Great, it sounds like we are on the same page. When I get some time, I will look into implementing VCDWriter.register_alias().

jpgrayson commented 4 years ago

@whitequark I have added VCDWriter.register_alias(). It would be much appreciated if you could take a look and perhaps try using it in nMidgen. If it's suitable, I will cut a PyVCD release with the feature.

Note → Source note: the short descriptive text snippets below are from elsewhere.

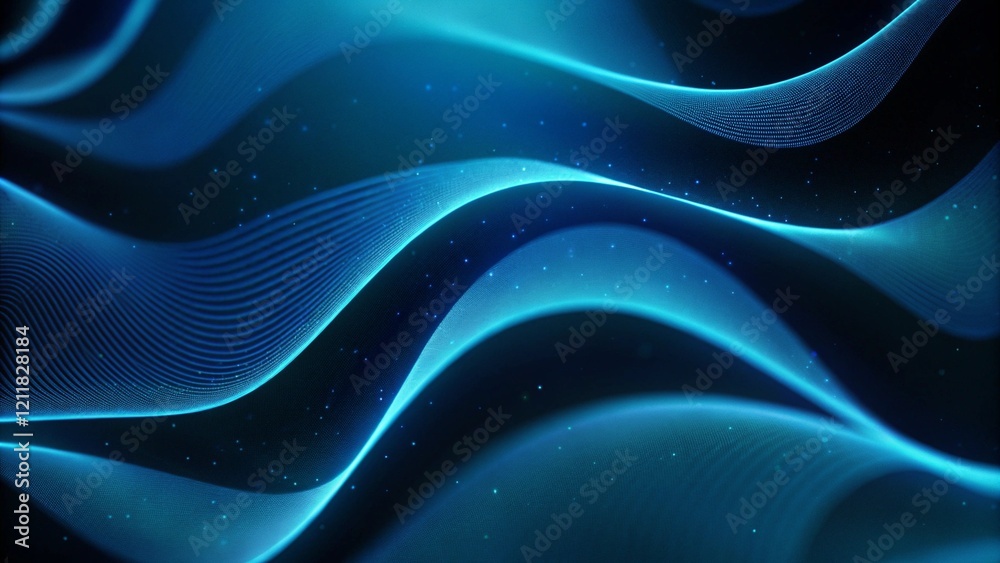 Leinwandbilder Dark abstract curve and wavy background with gradient and color, glowing waves in a dark background, curvy wallpaper design, futuristic lines and neon light flow creating modern digital art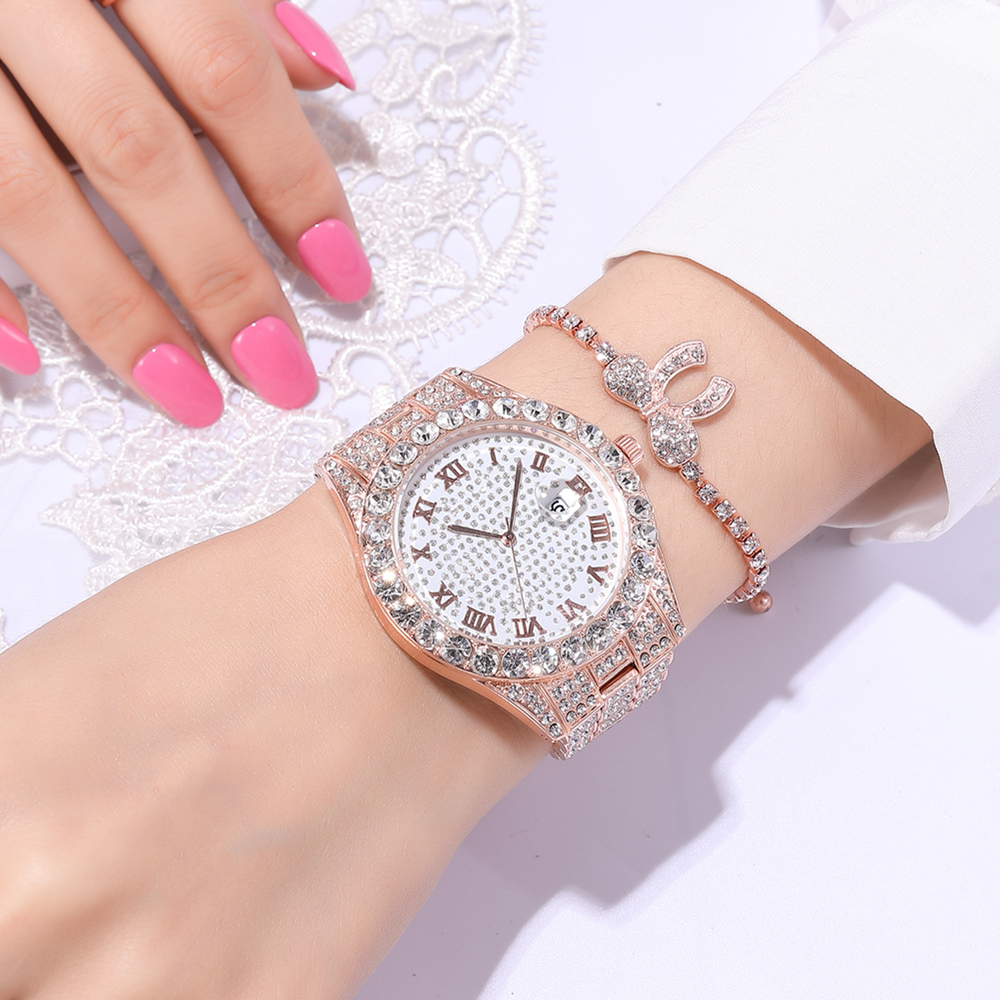 Simple Style Shiny Solid Color Double Side Snaps Quartz Women's Watches display picture 2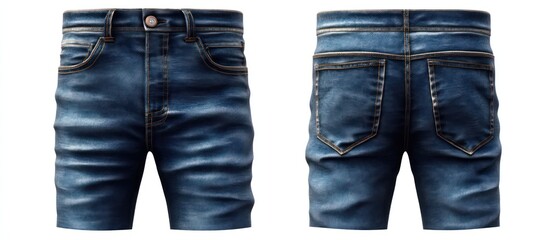 Denim shorts, front and back view, studio shot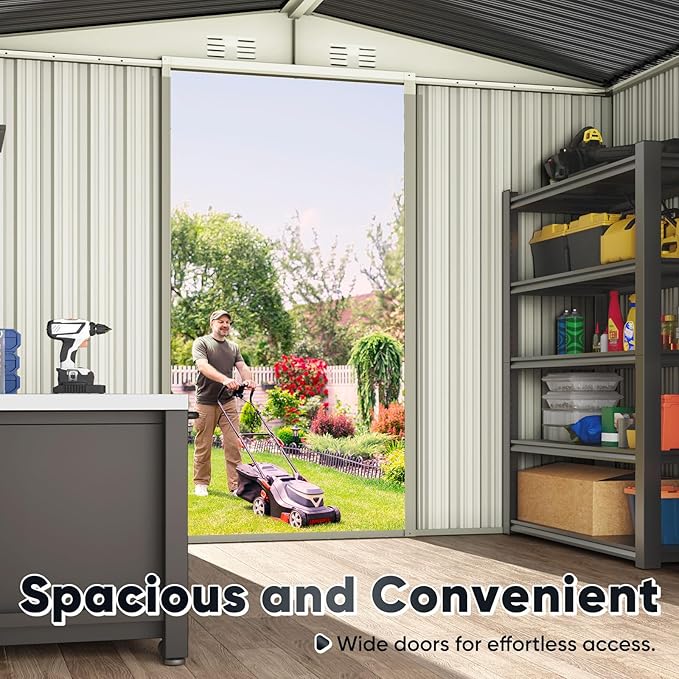 Quictent 8X6 FT Outdoor Metal Storage Shed, Easy Assemble, Lockable Tool Shed Waterproof Shed for Garden, Backyard, Lawn and Patio Scene with Combination Lock,Dark Gray(7.6X6.3 FT Base,No Floor)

whitequark commented 4 years ago

Seems to work well with the following patch:

```diff diff --git a/nmigen/sim/pysim.py b/nmigen/sim/pysim.py index 9dde345..166e2a1 100644 --- a/nmigen/sim/pysim.py +++ b/nmigen/sim/pysim.py @@ -111,23 +111,25 @@ class _VCDWaveformWriter(_WaveformWriter): var_name_suffix = var_name else: var_name_suffix = "{}${}".format(var_name, suffix) - vcd_var = self.vcd_writer.register_var( - scope=var_scope, name=var_name_suffix, - var_type=var_type, size=var_size, init=var_init) + if signal not in self.vcd_vars: + vcd_var = self.vcd_writer.register_var( + scope=var_scope, name=var_name_suffix, + var_type=var_type, size=var_size, init=var_init) + self.vcd_vars[signal] = vcd_var + else: + self.vcd_writer.register_alias( + scope=var_scope, name=var_name_suffix, + var=self.vcd_vars[signal]) break except KeyError: suffix = (suffix or 0) + 1 - if signal not in self.vcd_vars: - self.vcd_vars[signal] = set() - self.vcd_vars[signal].add(vcd_var) - if signal not in self.gtkw_names: self.gtkw_names[signal] = (*var_scope, var_name_suffix) def update(self, timestamp, signal, value): - vcd_vars = self.vcd_vars.get(signal) - if vcd_vars is None: + vcd_var = self.vcd_vars.get(signal) + if vcd_var is None: return vcd_timestamp = self.timestamp_to_vcd(timestamp) @@ -135,8 +137,7 @@ class _VCDWaveformWriter(_WaveformWriter): var_value = self.decode_to_vcd(signal, value) else: var_value = value - for vcd_var in vcd_vars: - self.vcd_writer.change(vcd_var, vcd_timestamp, var_value) + self.vcd_writer.change(vcd_var, vcd_timestamp, var_value) def close(self, timestamp): if self.vcd_writer is not None: ```

On a benchmark I'm using (Minerva SoC) this cut the VCD file size in half and slightly improved simulation speed.

jpgrayson commented 4 years ago

The above patch looks good/as-expected. Thanks for taking the time to integrate.

I will release PyVCD 0.2.2 with this change shortly.

Closing.

whitequark commented 4 years ago

Great, thank you for the amazingly fast response!